ACTIVITY:
Set each line of the material below down word for word, from the first through the line that holds "Jack & Jones", but not the pictures.

Top of ENTRIES SHOWN

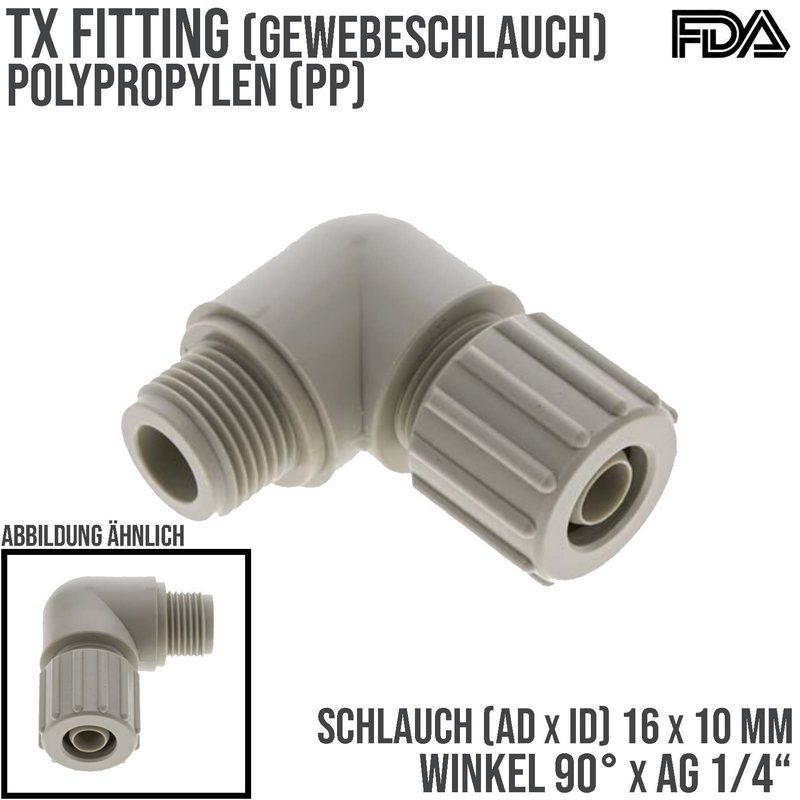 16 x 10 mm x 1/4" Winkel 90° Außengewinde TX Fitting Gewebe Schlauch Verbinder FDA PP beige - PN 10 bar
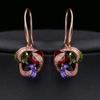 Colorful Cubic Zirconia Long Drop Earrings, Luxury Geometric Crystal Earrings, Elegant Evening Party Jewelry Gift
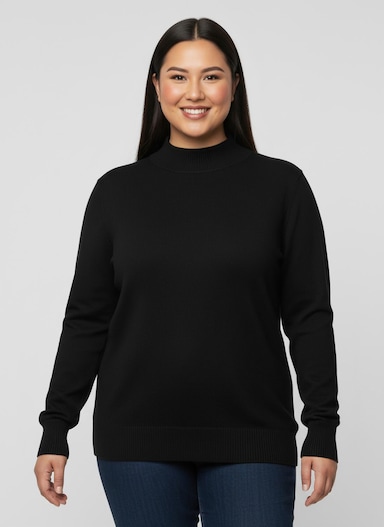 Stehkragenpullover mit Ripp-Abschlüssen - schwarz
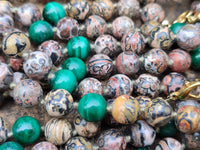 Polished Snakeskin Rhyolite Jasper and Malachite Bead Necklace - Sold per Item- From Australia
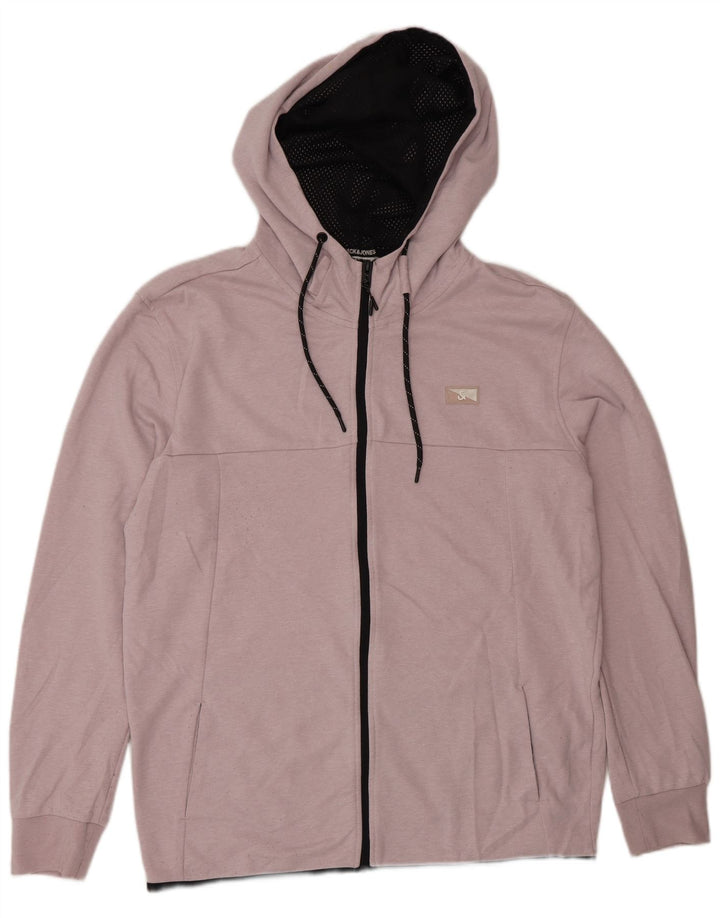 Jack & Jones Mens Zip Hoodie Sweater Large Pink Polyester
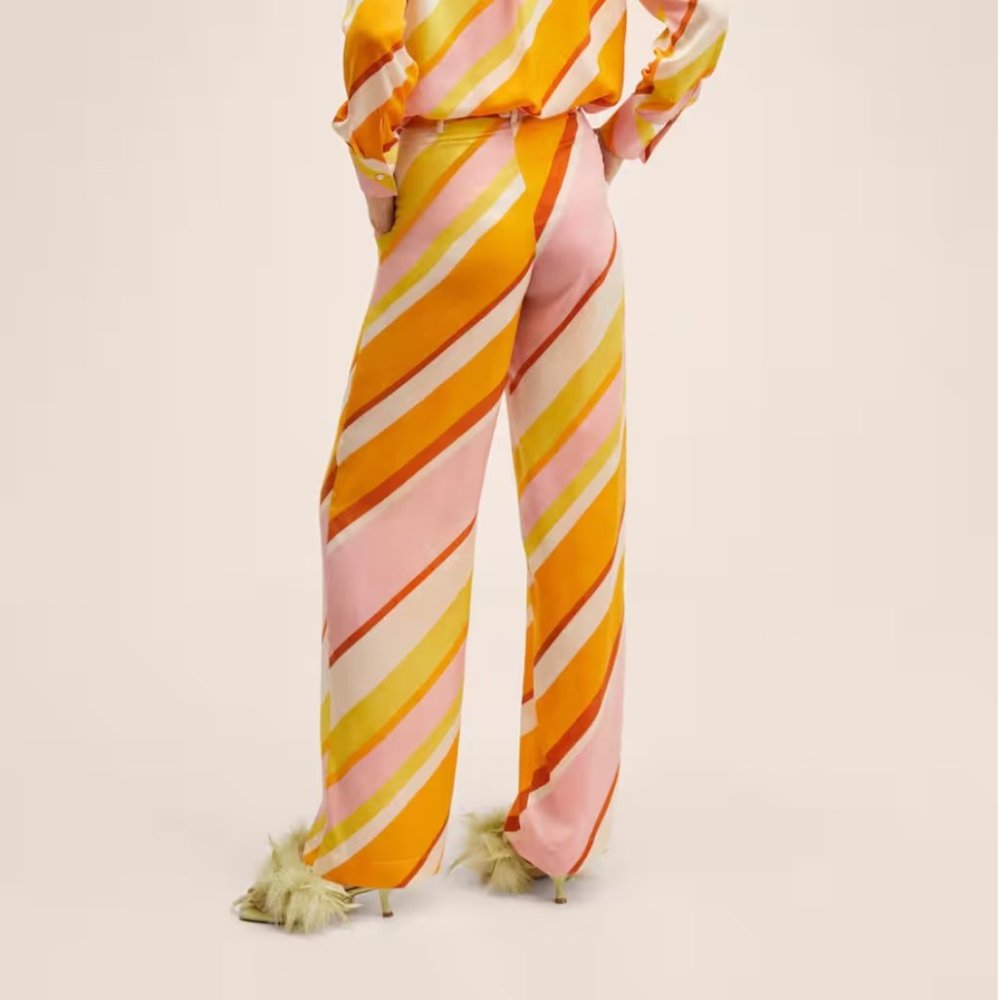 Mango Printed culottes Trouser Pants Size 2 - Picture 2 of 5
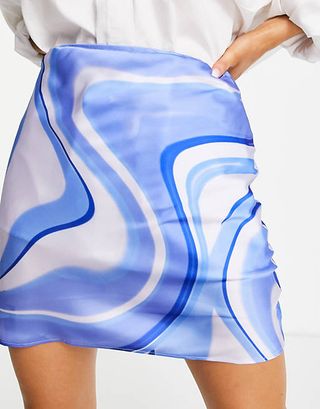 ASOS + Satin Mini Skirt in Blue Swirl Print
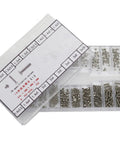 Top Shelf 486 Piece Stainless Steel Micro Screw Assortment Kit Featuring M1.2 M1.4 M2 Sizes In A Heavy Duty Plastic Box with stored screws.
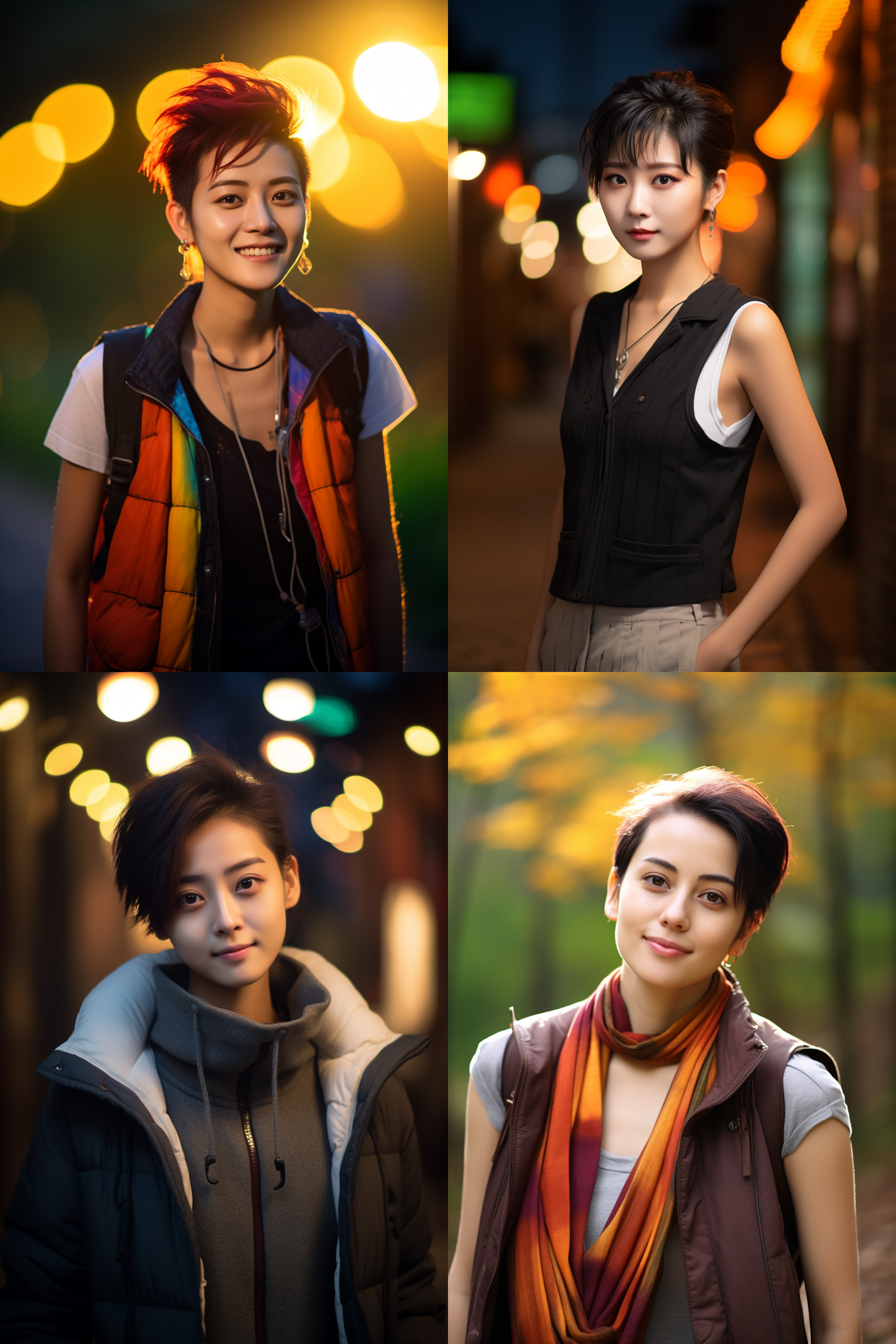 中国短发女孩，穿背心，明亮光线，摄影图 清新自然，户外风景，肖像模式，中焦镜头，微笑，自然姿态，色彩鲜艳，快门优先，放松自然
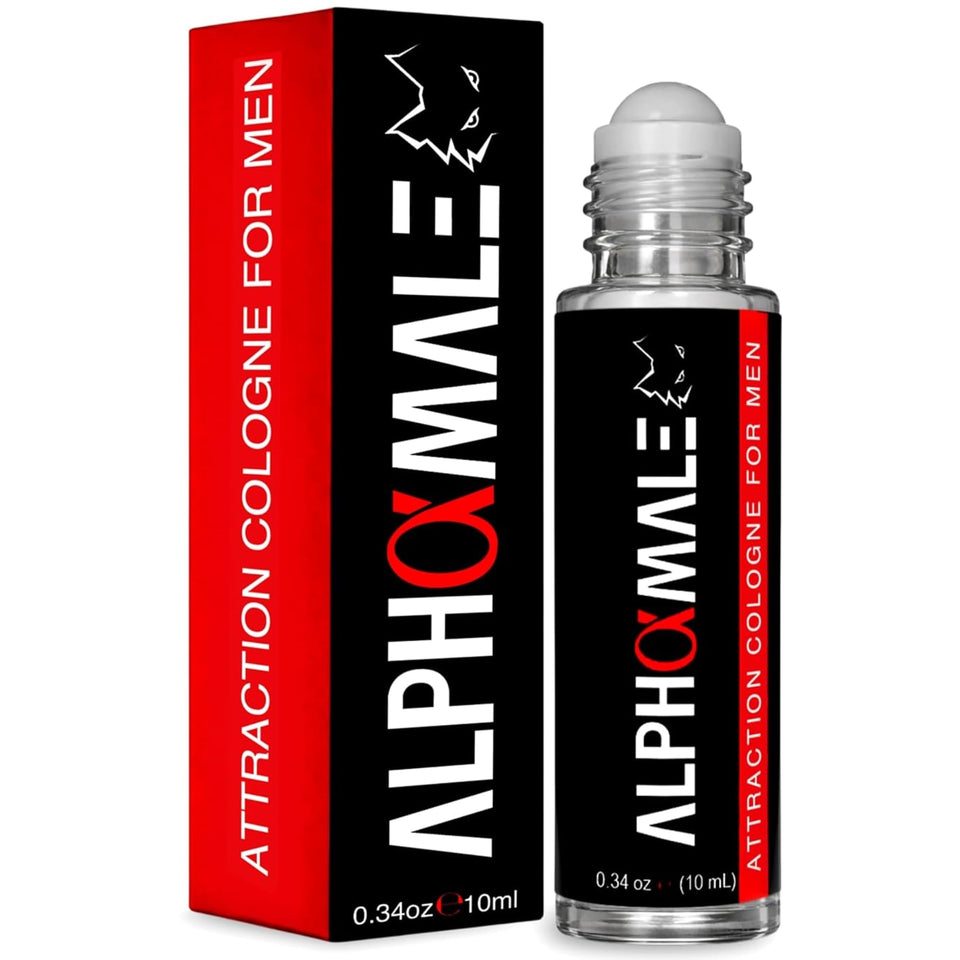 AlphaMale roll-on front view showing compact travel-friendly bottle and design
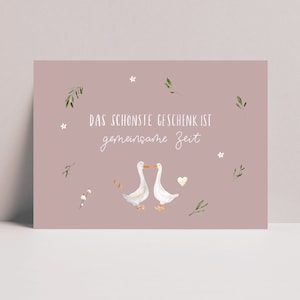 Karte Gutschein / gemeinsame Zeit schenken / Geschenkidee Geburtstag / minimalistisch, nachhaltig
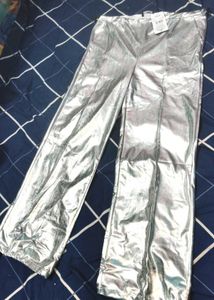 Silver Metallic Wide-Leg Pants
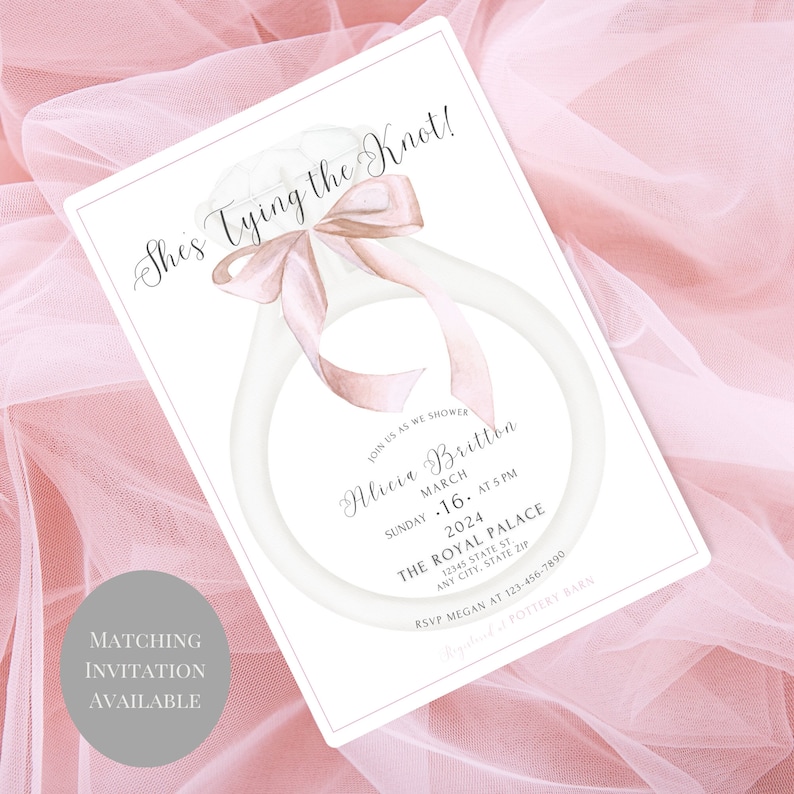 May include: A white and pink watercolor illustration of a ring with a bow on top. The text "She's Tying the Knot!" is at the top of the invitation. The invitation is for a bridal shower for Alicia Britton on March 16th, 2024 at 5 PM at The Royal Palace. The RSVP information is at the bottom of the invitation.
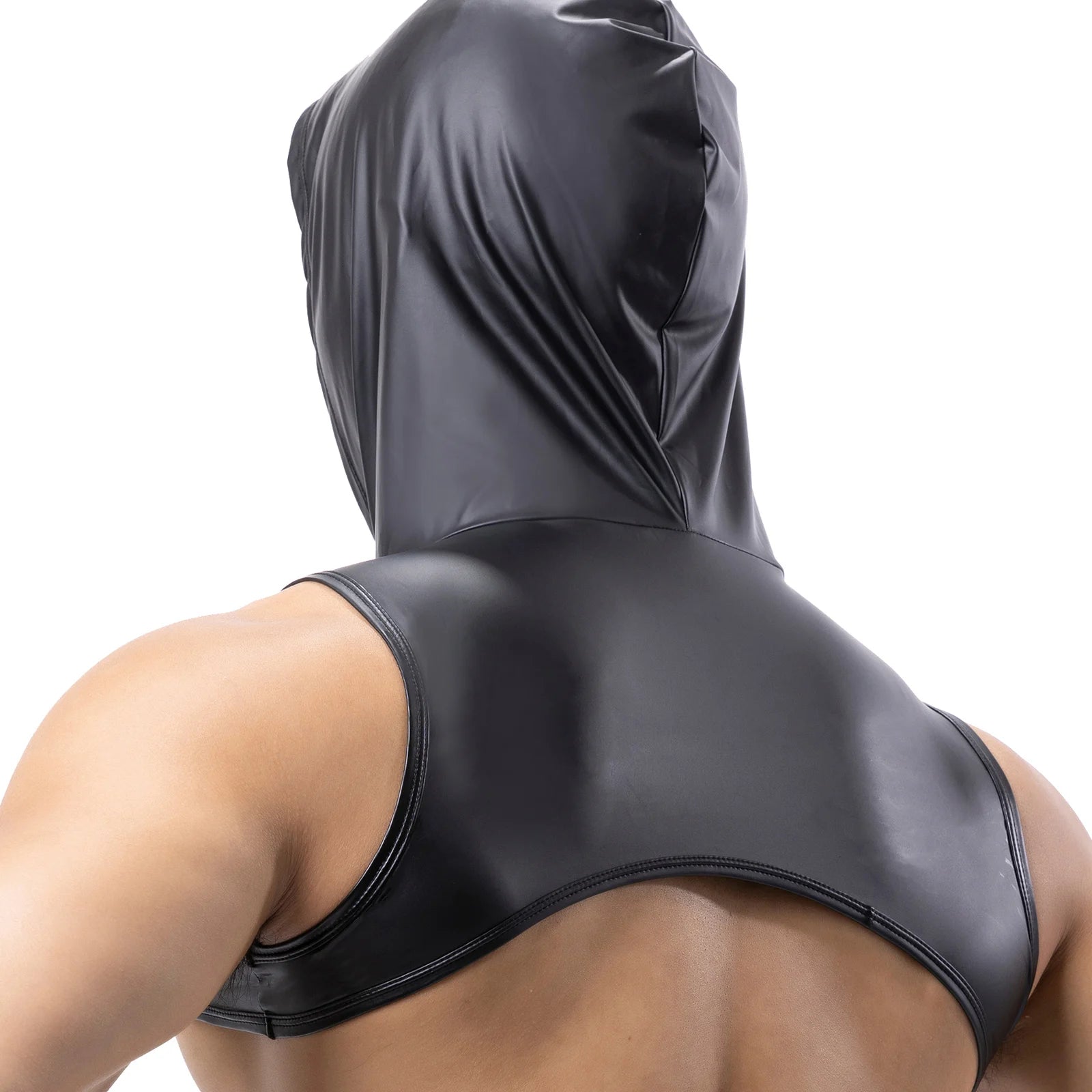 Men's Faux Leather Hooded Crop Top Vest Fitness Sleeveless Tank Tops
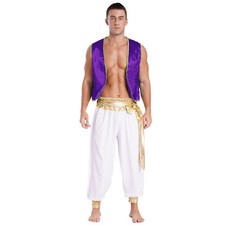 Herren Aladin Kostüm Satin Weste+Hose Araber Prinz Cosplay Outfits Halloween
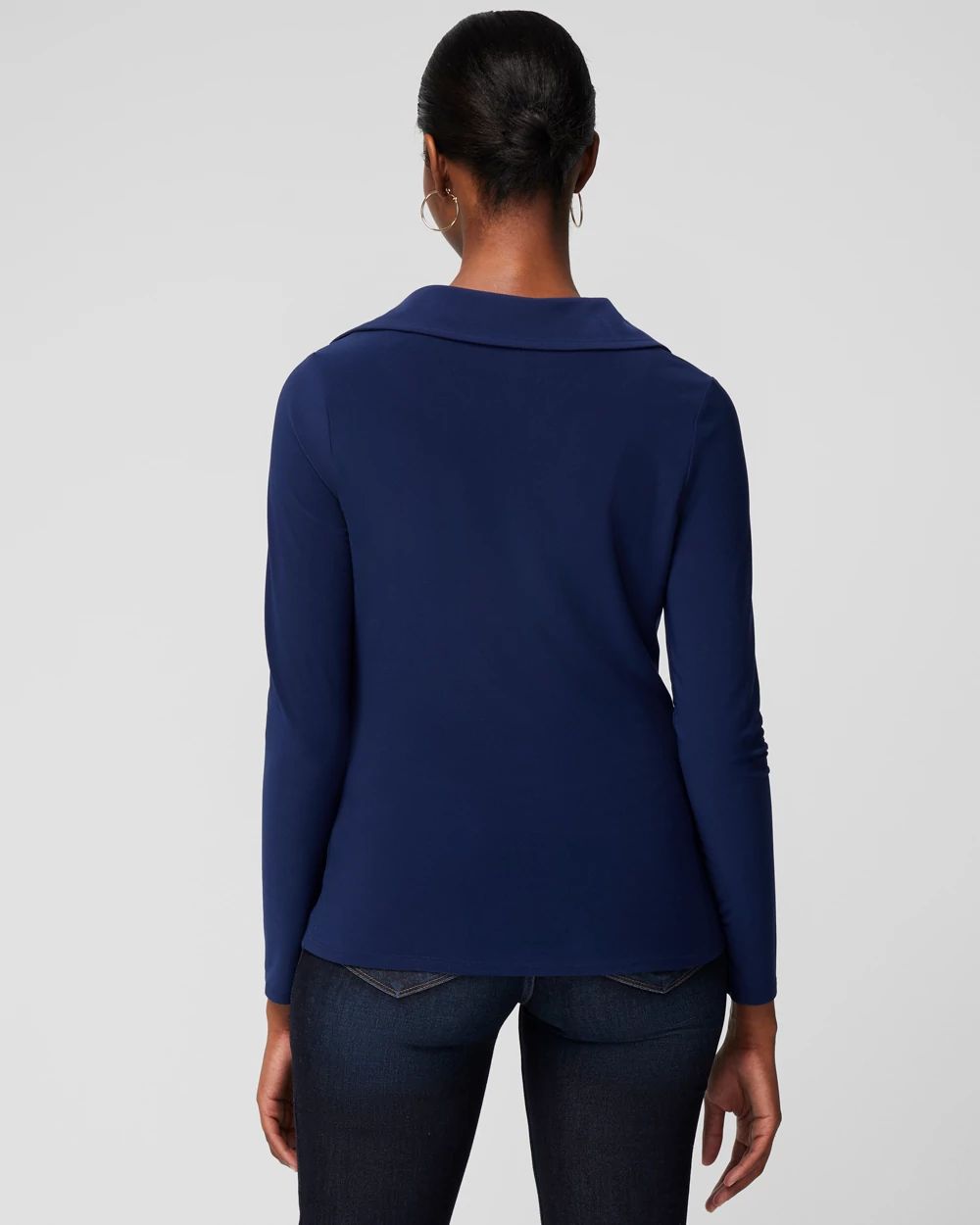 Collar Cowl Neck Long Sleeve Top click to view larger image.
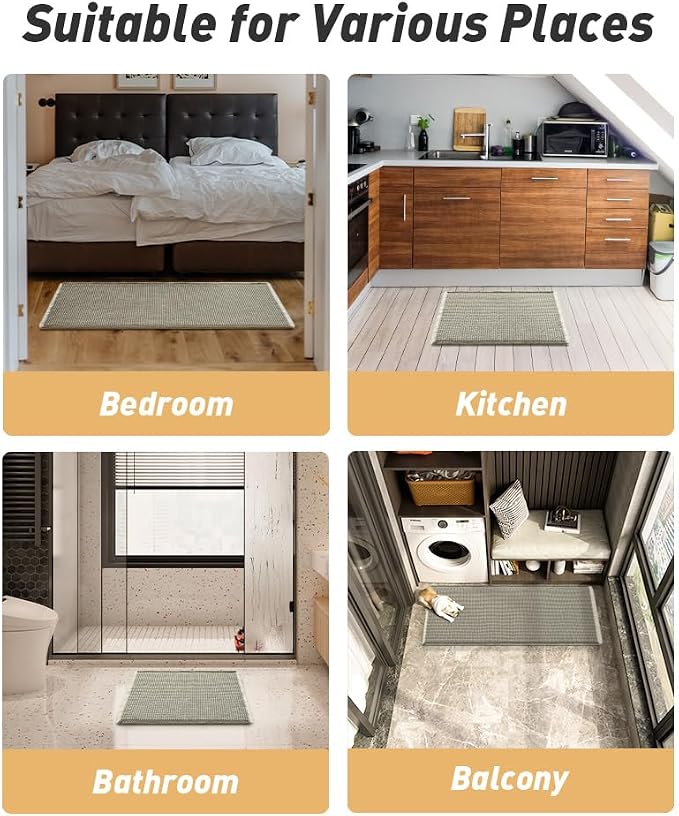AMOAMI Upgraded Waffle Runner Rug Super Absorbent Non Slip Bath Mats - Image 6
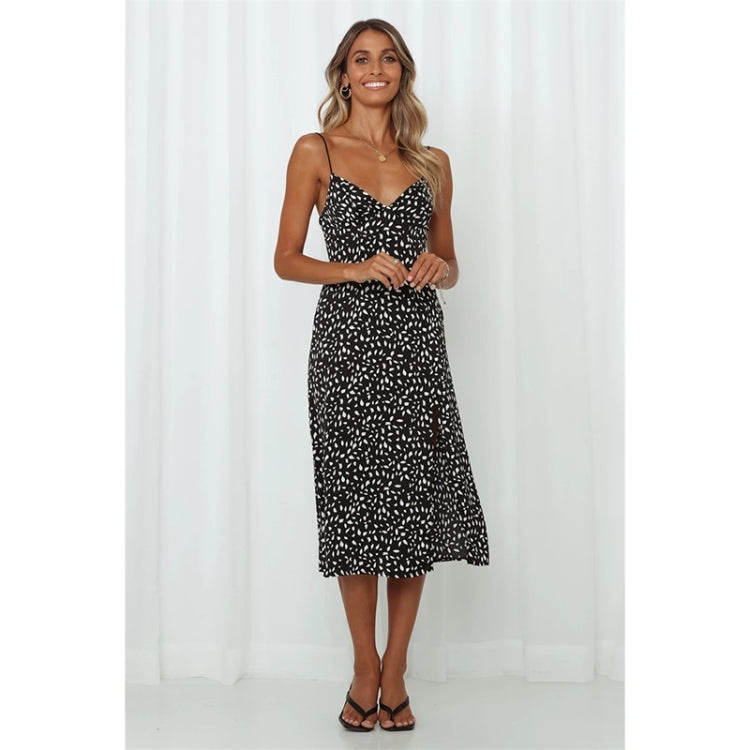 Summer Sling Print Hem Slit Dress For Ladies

Bottom of ENTRIES SHOWN

EXPECTED OUTPUT:
 16 x 10 mm x 1/4" Winkel 90° Außengewinde TX Fitting Gewebe Schlauch Verbinder FDA PP beige - PN 10 bar
 Colorful Cubic Zirconia Long Drop Earrings, Luxury Geometric Crystal Earrings, Elegant Evening Party Jewelry Gift
 Stehkragenpullover mit Ripp-Abschlüssen - schwarz
 Polished Snakeskin Rhyolite Jasper and Malachite Bead Necklace - Sold per Item- From Australia
 Jack & Jones Mens Zip Hoodie Sweater Large Pink Polyester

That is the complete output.